Teachers in Cumbria and the Northeast have announced they will go on strike for two days amid pay disputes.

Staff in the National Education Union (NEU) will strike on July 5 and 7, continuing their campaign to win an above-inflation pay rise.

In early April 2023, a pay and funding offer from Government was rejected by 98 per cent of NEU members on a 66 per cent turnout.

Their sister unions held similar votes with similar results, with the message to education secretary Gillian Keegan loud and clear.

A re-ballot of NEU teacher members in state schools opened on May 15 and will close on July 28.

Across the North, the NEU will be marking the strike with pickets and rallies, with July 5 seeing picket lines across many schools in the Northeast and Cumbria, and several events listed for July 7.

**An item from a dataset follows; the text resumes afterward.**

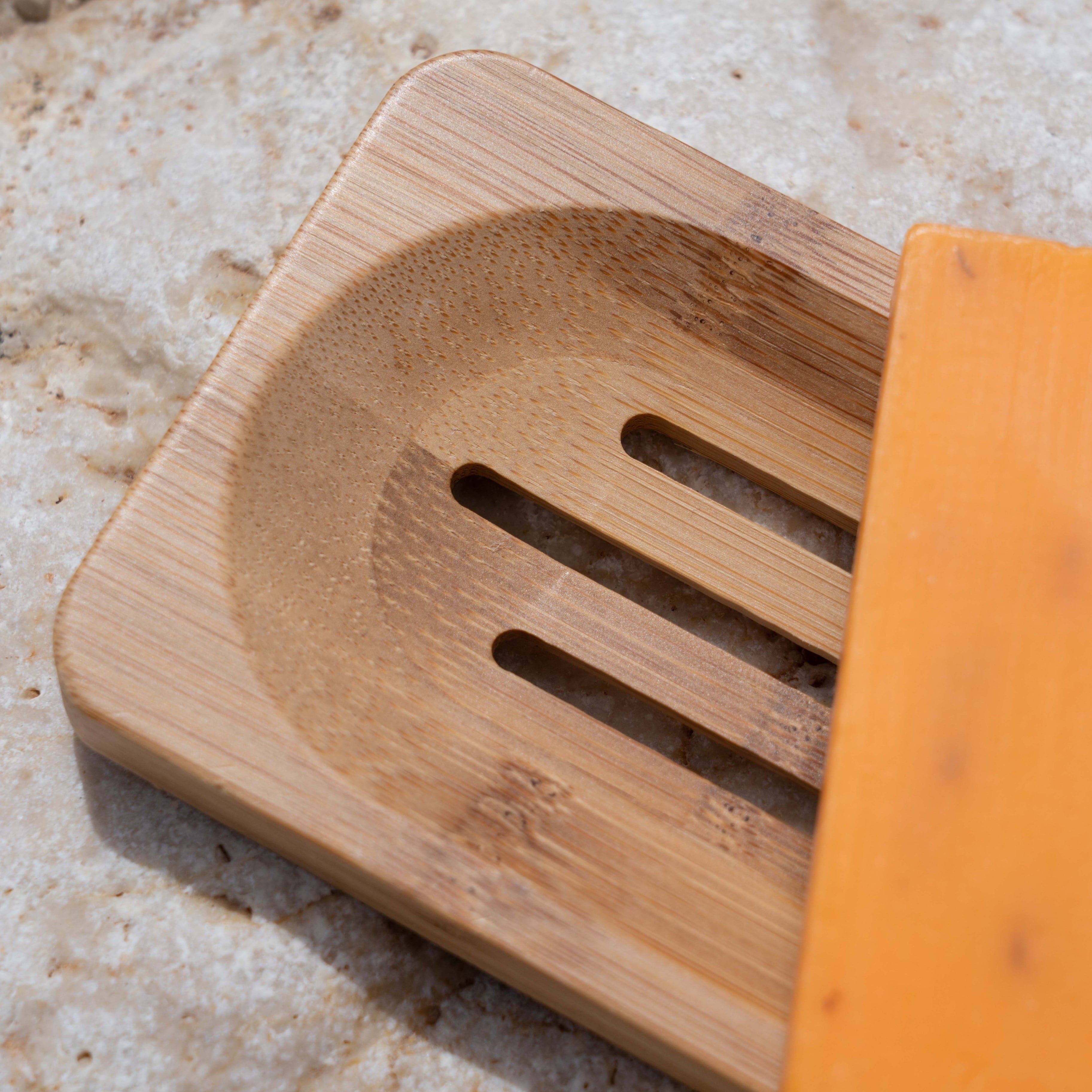 Porte-savon en bambou - Oceansrespect 🌊🌍🌱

These include a rally in Durham at 12pm, and a picnic in the park in Keswick’s Fitz Park at 11:30am.

For NEU teacher members in England’s state schools, next week marks their seventh and eighth day of strike action since February 1.

Teacher members in sixth-form colleges took an additional day of action in November 2022.

The most recent strike day for teachers was on May 2, 2023.

Commenting on the days of action, Beth Farhat of the National Education Union, said: “There is a crisis in education, schools and colleges are haemorrhaging staff, and those who remain are having to work unacceptably high numbers of additional hours in return for pay which continues to worsen in value.

“The government's latest teacher census shows that a third have left the sector within five years of qualifying.

“They are missing their own training targets as a matter of routine, and teacher vacancies are up by 55 per cent in just 12 months.

“The government’s latest position is to let this continue and to deliver yet another real-terms pay cut upon teachers.

“Gillian Keegan can avert strike action by publishing the STRB report and restart talks to find a serious solution to the dispute.”